## Exercise input
..........
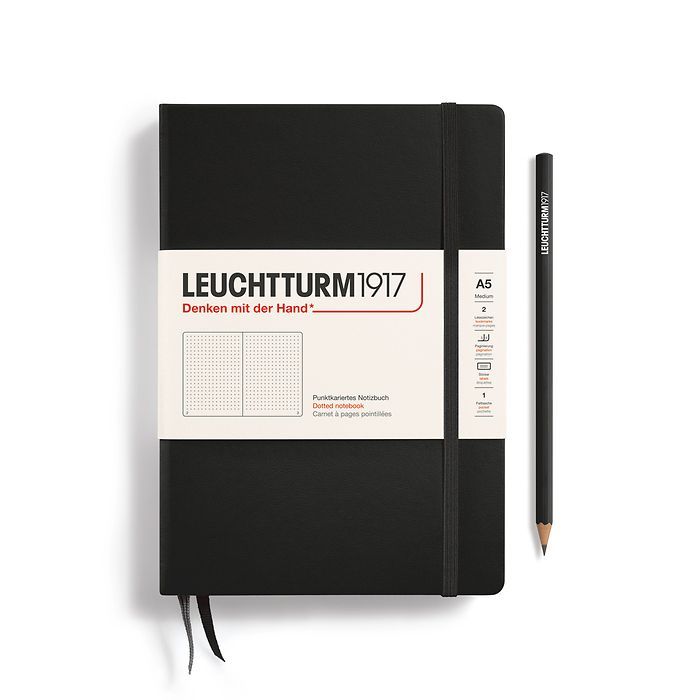 Leuchtturm1917 - A5 Hardcover Notebook - Black, Ruling: Dot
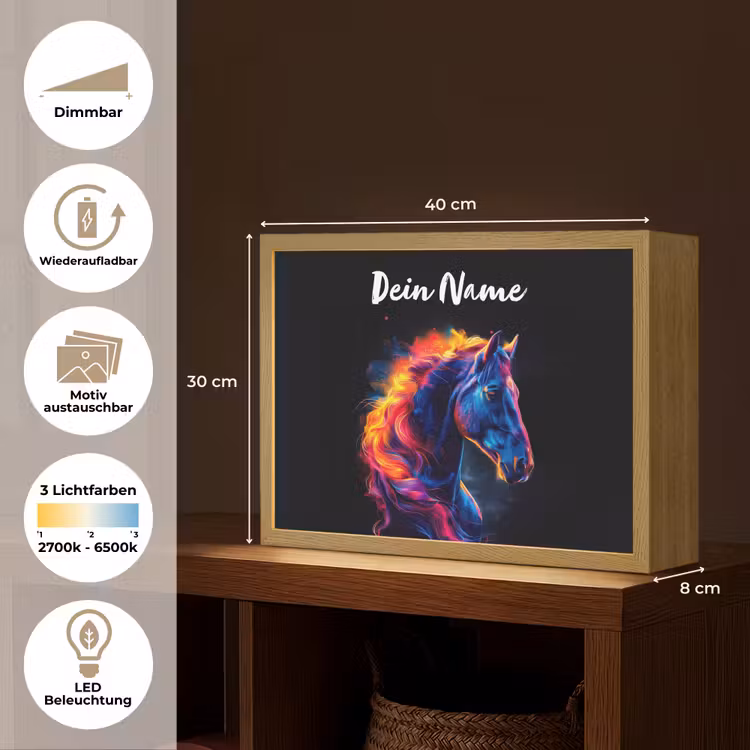 Paard - Dier - Rook - Zwart - Kleuren Light Box met batterij (Wandlamp kind) middel -USP_websiteoverzichtDE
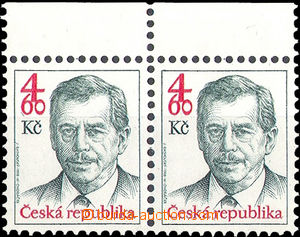 33782 - 1998 Pof.168 Havel, horizontal pair with upper margin and in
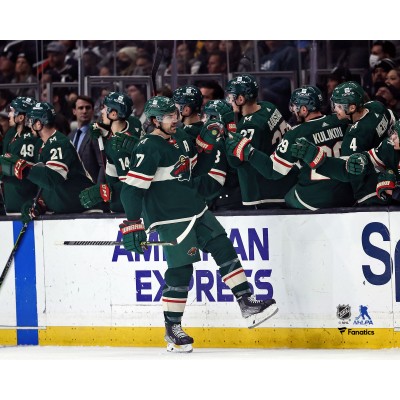 Unsigned Minnesota Wild Marcus Foligno Fanatics Authentic Celebrates a Goal with Teammates Photograph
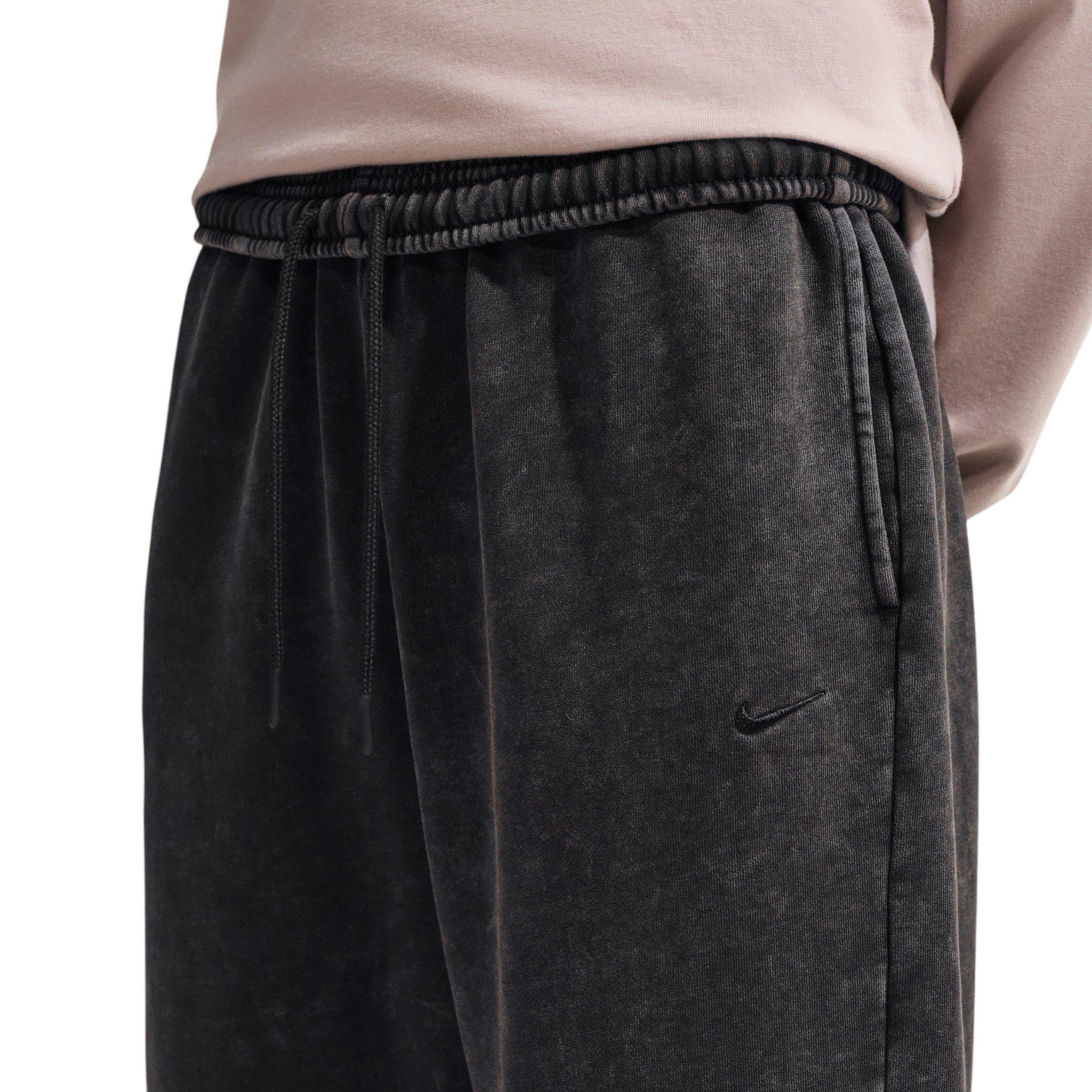 Nike Women's Studio Fleece Medium Weight Oversized High-Rise Washed Cuffed Sweatpants - Black - BLACK
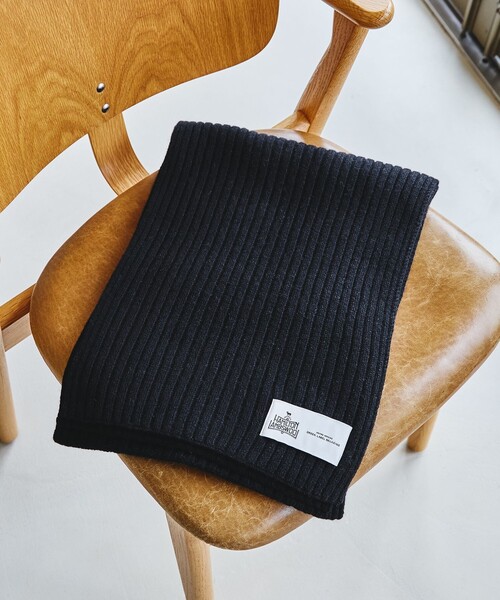 green label relaxing(グリーンレーベルリラクシング)の「ハミルトン ウール ナイロン リブマフラー(マフラー・メンズ・ダークブラウン/ブラック/パープル/グレー系・FREE)」の2枚目の写真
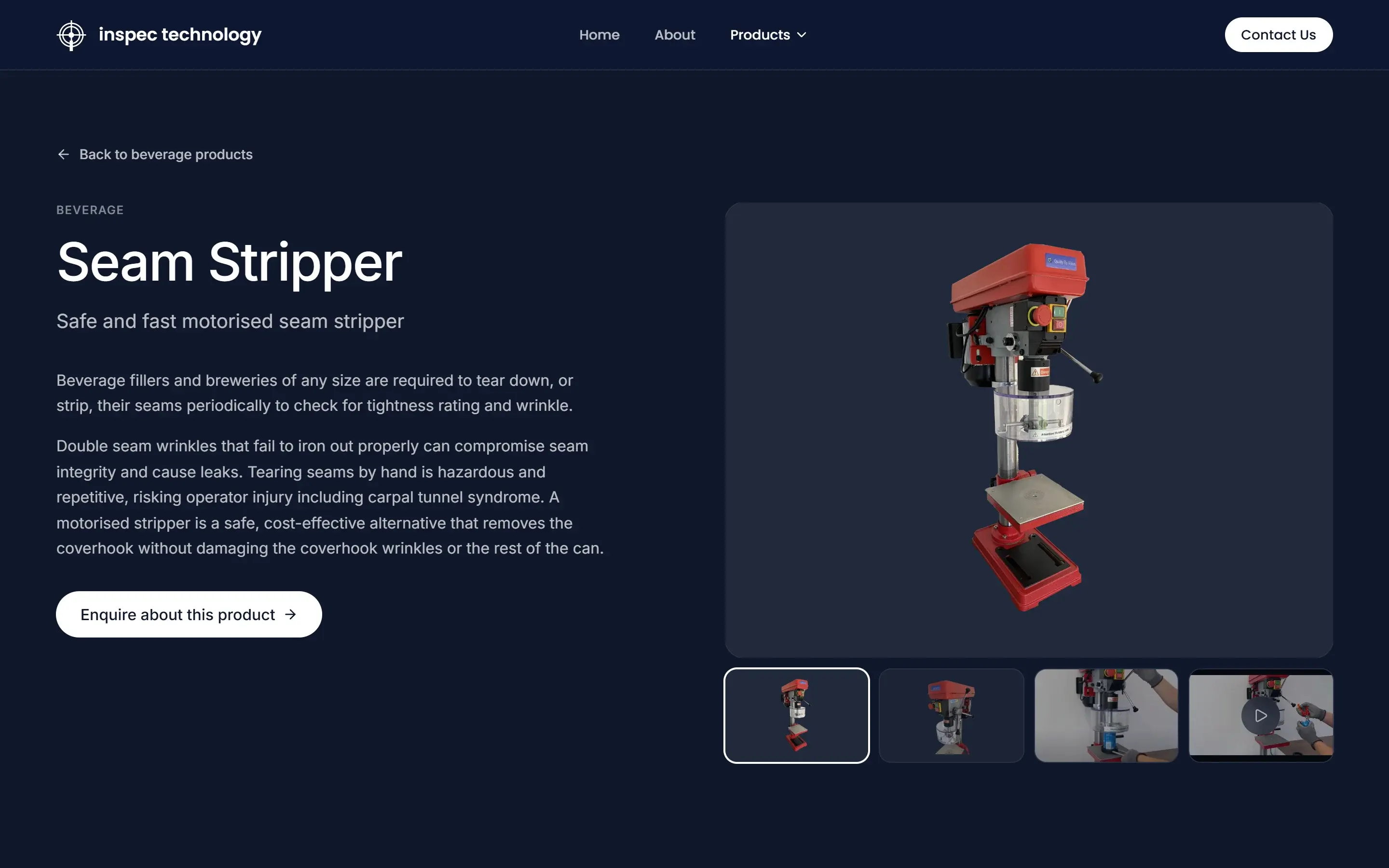 Inspec Technology Seam Stripper product page with a motorised seam stripper and image gallery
..........
Line by line and exactly, write out the material above. Skip the pictures.

 Leuchtturm1917 - A5 Hardcover Notebook - Black, Ruling: Dot
 Paard - Dier - Rook - Zwart - Kleuren Light Box met batterij (Wandlamp kind) middel -USP_websiteoverzichtDE
 33782 - 1998 Pof.168 Havel, horizontal pair with upper margin and in
 Unsigned Minnesota Wild Marcus Foligno Fanatics Authentic Celebrates a Goal with Teammates Photograph
 Nike Women's Studio Fleece Medium Weight Oversized High-Rise Washed Cuffed Sweatpants - Black - BLACK
 green label relaxing(グリーンレーベルリラクシング)の「ハミルトン ウール ナイロン リブマフラー(マフラー・メンズ・ダークブラウン/ブラック/パープル/グレー系・FREE)」の2枚目の写真
 Inspec Technology Seam Stripper product page with a motorised seam stripper and image gallery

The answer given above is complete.